Voir sur le grand Écran les rues de Port-au-Prince dans le film Freda, entendre pour la première fois des dialogues en créole dans long-métrage sélectionné aux Oscars et à Cannes, m’a brutalement replongée dans ce sentiment.
Feu mon grand-père maternel était en partie originaire d’Haïti, mais je n’ai jamais été là-bas. Pourtant, les scènes me sont familières et ne sont pas totalement étrangères à celles que j’observe depuis toujours sur mes Îles.
Même impression du côté de mes collègues Aïda, originaire de Nouvelle-Calédonie, et Anthony, martiniquais, tous deux aussi émus que moi à la sortie de la salle.
Pour une fois, Freda ne montre pas une masse informe d’insulaires en proie à la pauvreté et aux catastrophes naturelles qui s’abattent sur eux sans merci. Les sujets ne sont pas évités, loin de là, mais le film raconte surtout Haïti à travers les yeux de femmes aux destins divisés. À travers des individus aux vies singulières, malgré l’infortune.
Dans son premier long-métrage de fiction, Gessica Généus offre un autre discours, plus nuancé, et porte même un message féministe incarné en la décision de la jeune étudiante : partir ou rester ? Choisir la liberté, ou rester fidèle aux femmes de sa vie ?
Trois sorts de femmes
Freda, le personnage principal, est étudiante en Anthropologie à l’université de Port-au-Prince. Elle vit avec sa mère, son frère et sa sœur. Les trois enfants, en tous cas les filles de la fratrie, viennent en aide à leur mère pour tenir une petite supérette qui ne paye pas de mine accolée à leur maison.
Les professeurs de Freda sont tout le temps en grève ; sa sœur Esther cherche désespérément un homme riche à épouser quitte à renier un amour naissant ; sa mère Jeannette se vautre dans la religion et dans les normes sociales pour se rassurer ; sa famille manque d’argent mais cotise pour faire partir son frère Moïse afin qu’il tente sa chance ailleurs.
Car « il n’y a pas d’avenir ici » — c’est un peu le leitmotiv du film.
Pourtant Freda, elle, veut rester coûte que coûte.

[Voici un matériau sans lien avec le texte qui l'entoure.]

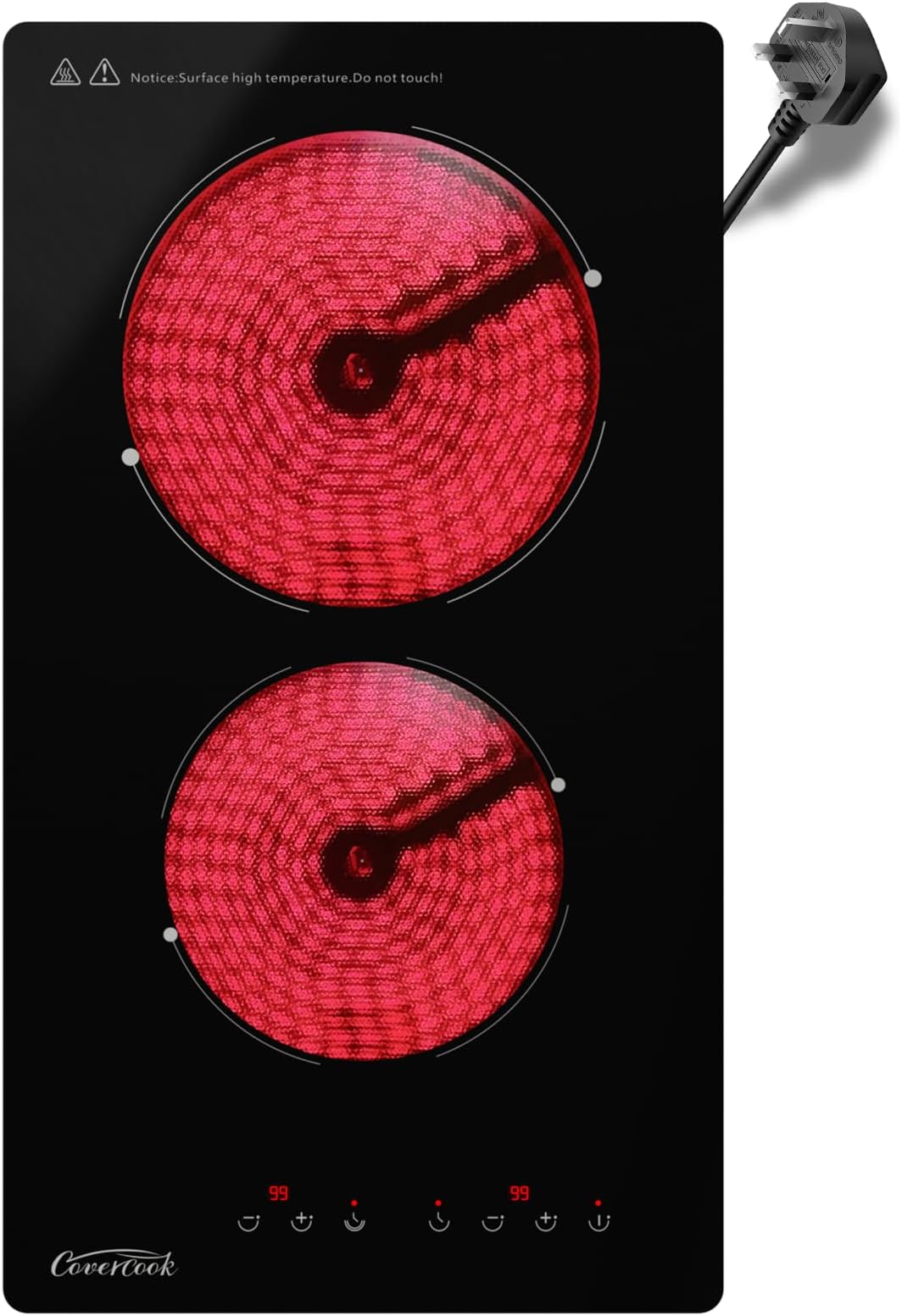 COVERCOOK Plug in Ceramic Hob 2 Zone, Built-in Electric Hob 30cm with Touch Control, Domino Portable Electric Ceramic Hob 2 Ring, 2900W, 9 Power Levels, Timer, Residual Heat Indicator, Black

Et ce, même si son amoureux de Saint-Domingue la supplie de le rejoindre. D’ailleurs, pour une fois à l’écran, ce ne sont pas les femmes qui sont éplorées et sacrifient tout pour l’amour. Gessica Généus leur donne la voix, et chacune d’entre elles choisit un chemin pour s’adapter à leur monde.
Dans tous ces déboires, on voit surtout leur individualité, leur humanité, leur quête de liberté, leur résilience comme leur faiblesse et leurs travers face à une vie qu’elles n’ont pas choisie. En fil rouge, le rapport conflictuel entre Freda et sa mère relie le tout et électrise toutes les interactions jusqu’à l’explosion finale et l’écriture d’une lettre poignante.
Haïti chérie
Pour construire ce récit, la réalisatrice Gessica Généus s’est en partie inspirée de sa propre expérience, mais aussi de l’histoire de l’Île et de ses agitations.

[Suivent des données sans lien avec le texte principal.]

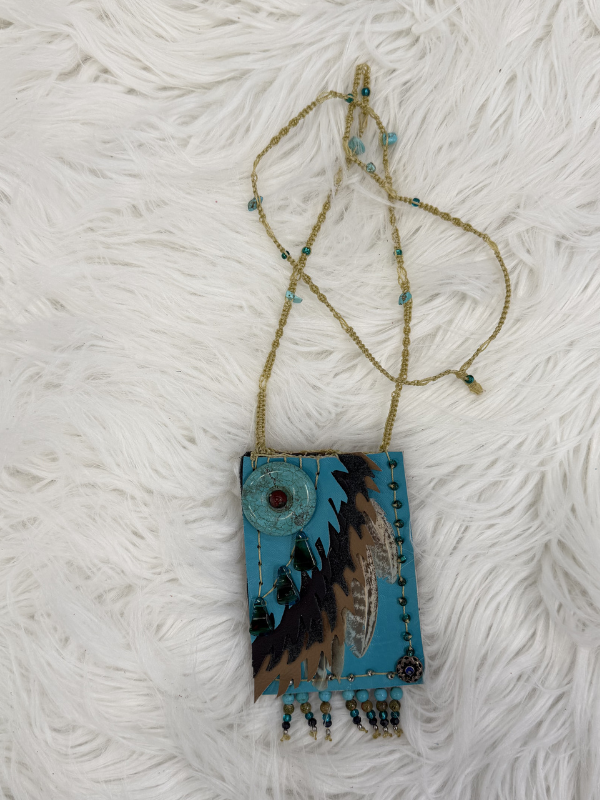Turquoise Feather Cell Phone Crossbody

Entre les instants de fiction suspendus dans le temps, quelques images d’archives de vraies manifestations ancrent le récit dans la situation politique actuelle d’Haïti : depuis 2019, une crise secoue l’Île. Les habitants et habitantes manifestent, parfois violemment, contre la corruption du pays.

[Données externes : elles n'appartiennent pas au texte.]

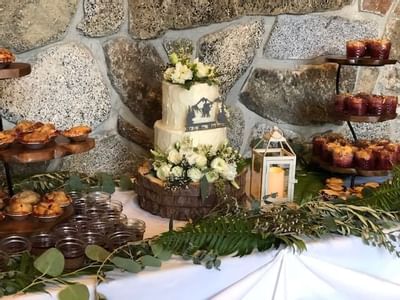 Closeup wedding cake with dessert arranged at Sleeping Lady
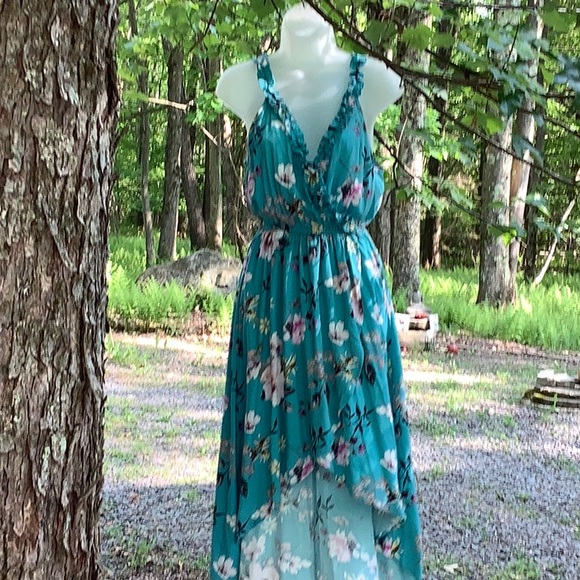 Turquoise Floral High Low Summer Dress Sz.S - Picture 2 of 6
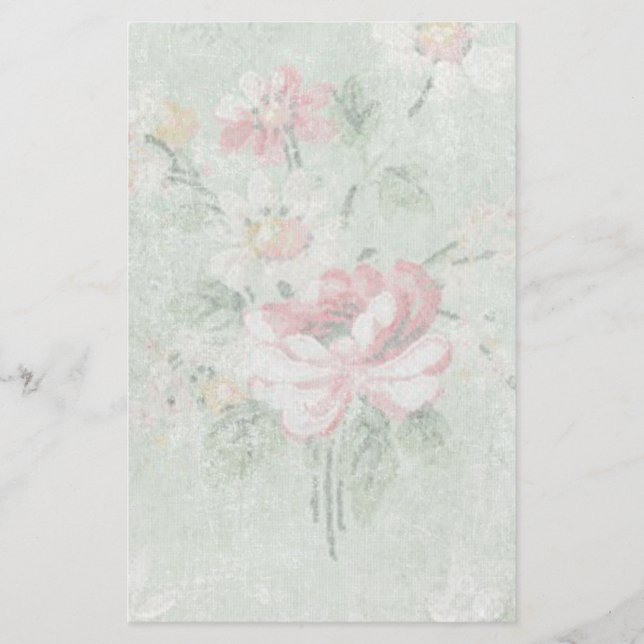 Verblasste Rosen im Vintage-Design Briefpapier (Vorderseite)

Quelques coups de feu retentissent de temps en temps, et voilà les protagonistes qui se cachent mécaniquement sous la table de la cuisine pour ne pas écoper d’une balle perdue. Les personnages ont beau s’abriter quand des altercations éclatent devant leur maisonnette, Moïse, le compagnon de Freda s’est fait tirer dessus il y a quelques mois lorsqu’il dormait à poings fermés dans son lit. Le projectile a été retiré de son flanc, mais il a laissé un trou béant qu’il refuse de reboucher dans le mur de sa chambre, pour « laisser passer la lueur du jour. »
Dans une moindre mesure, ces révoltes me rappellent mes années lycées. Lorsque je vivais en Guadeloupe, j’ai vécu la grève générale de 2009 du Liyannaj Kont Pwofition (LKP) menée par la tête de proue du mouvement Elie Domota, contre les monopoles économiques de l’Île.
Les rues étaient bloquées par d’énormes rochers pour empêcher aux voitures de circuler, les écoles fermées, les supermarchés et les pompes à essence réquisitionnées n’ouvraient qu’une fois par semaine en signe de lutte. À la radio, dans les rues des grandes villes, les chants protestataires raisonnaient sans cesse pour réclamer l’indépendance :
« La Gwadloup sé tan nou, la Gwadloup sé pa ta yo : yo péké fè sa yo vlé adan péyi an-nou »
(« La Guadeloupe est à nous , la Guadeloupe n’est pas à eux : ils ne feront pas ce qu’ils veulent dans notre pays. »)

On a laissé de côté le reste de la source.